Metadata-Version: 2.4
Name: shared-call-py
Version: 0.1.0
Summary: Request coalescing for Python - eliminate redundant work and protect your systems from thundering herds
Author: SohamRatnaparkhi
Author-email: soham.ratnaparkhi@gmail.com
Requires-Python: >=3.12
Classifier: Programming Language :: Python :: 3
Classifier: Programming Language :: Python :: 3.12
Classifier: Programming Language :: Python :: 3.13
Classifier: Programming Language :: Python :: 3.14
Description-Content-Type: text/markdown

# shared-call-py 🚀

**Eliminate redundant work and protect your systems from thundering herds with intelligent request coalescing.**

A Python implementation of request deduplication inspired by Go's `singleflight` pattern.
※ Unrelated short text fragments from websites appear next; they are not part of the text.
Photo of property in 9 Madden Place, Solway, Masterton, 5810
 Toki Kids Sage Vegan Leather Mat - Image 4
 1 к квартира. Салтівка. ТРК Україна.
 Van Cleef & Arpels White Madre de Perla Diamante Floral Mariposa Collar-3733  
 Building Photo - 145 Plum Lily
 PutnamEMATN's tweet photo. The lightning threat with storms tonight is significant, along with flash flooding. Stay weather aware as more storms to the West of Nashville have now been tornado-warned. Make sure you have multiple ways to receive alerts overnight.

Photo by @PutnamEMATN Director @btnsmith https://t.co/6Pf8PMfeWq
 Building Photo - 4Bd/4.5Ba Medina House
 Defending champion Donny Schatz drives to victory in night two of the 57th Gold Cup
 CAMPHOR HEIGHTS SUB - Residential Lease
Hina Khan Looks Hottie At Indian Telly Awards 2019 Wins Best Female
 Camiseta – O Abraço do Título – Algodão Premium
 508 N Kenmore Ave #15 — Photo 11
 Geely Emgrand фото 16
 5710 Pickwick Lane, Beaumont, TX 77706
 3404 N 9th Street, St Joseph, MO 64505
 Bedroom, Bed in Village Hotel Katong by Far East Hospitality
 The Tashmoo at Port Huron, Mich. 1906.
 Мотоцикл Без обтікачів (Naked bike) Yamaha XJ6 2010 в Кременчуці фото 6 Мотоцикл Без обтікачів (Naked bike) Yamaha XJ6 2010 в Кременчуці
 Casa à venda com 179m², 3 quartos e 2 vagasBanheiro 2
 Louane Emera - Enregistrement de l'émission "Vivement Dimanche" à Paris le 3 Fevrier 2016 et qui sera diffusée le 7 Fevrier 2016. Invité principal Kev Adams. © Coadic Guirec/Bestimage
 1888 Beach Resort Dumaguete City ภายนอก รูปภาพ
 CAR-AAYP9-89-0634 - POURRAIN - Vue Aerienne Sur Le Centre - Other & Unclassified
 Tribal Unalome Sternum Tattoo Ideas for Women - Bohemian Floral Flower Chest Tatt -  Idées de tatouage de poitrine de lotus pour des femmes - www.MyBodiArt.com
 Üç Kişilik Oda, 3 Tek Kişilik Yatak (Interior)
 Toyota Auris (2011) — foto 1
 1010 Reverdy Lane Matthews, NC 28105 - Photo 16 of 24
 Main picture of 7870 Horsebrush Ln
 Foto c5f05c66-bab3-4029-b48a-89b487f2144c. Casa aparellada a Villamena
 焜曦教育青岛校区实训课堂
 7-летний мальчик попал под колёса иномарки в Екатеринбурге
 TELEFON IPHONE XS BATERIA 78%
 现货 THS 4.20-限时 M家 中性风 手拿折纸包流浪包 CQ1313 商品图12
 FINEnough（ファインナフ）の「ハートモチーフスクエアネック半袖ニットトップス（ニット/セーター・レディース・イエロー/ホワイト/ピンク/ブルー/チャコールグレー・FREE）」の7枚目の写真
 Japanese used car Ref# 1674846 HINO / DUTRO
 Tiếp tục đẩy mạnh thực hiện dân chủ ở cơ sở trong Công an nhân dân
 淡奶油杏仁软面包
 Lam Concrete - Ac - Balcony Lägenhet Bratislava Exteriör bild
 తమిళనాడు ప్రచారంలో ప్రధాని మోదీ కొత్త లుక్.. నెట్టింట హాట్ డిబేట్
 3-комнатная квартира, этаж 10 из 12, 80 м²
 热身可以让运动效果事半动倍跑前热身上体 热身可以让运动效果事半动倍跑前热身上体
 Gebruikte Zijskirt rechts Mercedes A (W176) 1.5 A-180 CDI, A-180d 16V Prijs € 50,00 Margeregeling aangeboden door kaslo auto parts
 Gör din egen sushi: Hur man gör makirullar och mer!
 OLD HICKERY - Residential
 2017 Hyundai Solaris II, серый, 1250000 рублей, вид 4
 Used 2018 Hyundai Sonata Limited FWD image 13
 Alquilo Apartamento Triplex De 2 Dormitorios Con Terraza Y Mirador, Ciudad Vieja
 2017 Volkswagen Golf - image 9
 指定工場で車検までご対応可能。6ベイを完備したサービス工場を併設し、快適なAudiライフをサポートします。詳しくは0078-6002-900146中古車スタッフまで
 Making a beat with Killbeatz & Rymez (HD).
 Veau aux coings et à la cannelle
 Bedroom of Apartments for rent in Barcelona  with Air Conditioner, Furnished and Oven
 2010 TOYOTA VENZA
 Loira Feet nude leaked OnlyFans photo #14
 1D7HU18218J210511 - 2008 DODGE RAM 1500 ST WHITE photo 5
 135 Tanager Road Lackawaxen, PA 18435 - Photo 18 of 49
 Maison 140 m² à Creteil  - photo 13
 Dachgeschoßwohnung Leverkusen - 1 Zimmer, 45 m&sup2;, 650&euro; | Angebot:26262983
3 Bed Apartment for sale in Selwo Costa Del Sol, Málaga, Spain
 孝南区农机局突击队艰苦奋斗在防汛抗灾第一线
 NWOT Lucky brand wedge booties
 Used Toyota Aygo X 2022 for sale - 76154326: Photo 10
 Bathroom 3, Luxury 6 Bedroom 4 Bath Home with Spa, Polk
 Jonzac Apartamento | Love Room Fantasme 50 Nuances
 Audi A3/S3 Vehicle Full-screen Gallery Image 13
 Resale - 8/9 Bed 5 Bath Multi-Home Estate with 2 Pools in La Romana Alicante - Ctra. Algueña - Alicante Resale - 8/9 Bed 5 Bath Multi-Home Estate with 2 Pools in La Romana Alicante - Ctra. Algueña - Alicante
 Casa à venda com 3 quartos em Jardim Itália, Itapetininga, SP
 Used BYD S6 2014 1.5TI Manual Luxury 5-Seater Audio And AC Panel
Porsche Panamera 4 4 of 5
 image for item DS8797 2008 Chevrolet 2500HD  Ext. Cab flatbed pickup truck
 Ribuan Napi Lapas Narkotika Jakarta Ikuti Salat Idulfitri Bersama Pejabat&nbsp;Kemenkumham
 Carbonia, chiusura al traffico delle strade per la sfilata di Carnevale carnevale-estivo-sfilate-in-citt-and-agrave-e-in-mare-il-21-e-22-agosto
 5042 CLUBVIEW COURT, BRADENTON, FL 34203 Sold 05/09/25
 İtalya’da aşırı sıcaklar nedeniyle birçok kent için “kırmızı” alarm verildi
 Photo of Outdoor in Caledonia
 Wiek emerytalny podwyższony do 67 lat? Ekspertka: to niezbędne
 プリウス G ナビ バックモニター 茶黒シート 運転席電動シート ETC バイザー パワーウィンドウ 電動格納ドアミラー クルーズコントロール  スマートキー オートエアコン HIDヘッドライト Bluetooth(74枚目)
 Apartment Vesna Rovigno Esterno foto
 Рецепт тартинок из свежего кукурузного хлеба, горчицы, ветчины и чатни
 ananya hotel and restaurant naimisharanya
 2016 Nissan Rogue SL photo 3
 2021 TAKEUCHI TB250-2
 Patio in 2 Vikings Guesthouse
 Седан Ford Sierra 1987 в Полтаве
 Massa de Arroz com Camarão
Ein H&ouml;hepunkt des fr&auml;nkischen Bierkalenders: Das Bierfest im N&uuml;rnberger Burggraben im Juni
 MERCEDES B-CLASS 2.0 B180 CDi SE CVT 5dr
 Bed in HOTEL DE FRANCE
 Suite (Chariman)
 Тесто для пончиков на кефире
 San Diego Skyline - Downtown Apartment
When multiple concurrent requests ask for the same resource, only one does the actual work—everyone else gets the same result instantly.

[![Python 3.12+](https://img.shields.io/badge/python-3.12+-blue.svg)](https://www.python.org/downloads/)
[![License: MIT](https://img.shields.io/badge/License-MIT-yellow.svg)](https://opensource.org/licenses/MIT)

## 🎯 The Problem

Modern applications face three critical challenges:

1. **Thundering Herd**: When cache expires, hundreds of requests simultaneously hammer your database
2. **Rate Limit Hell**: Concurrent identical API calls burn through your rate limits
3. **Database Overload**: High concurrency creates connection pool exhaustion and query slowdowns

**Traditional approach**: Every request executes independently—wasting resources and destabilizing systems.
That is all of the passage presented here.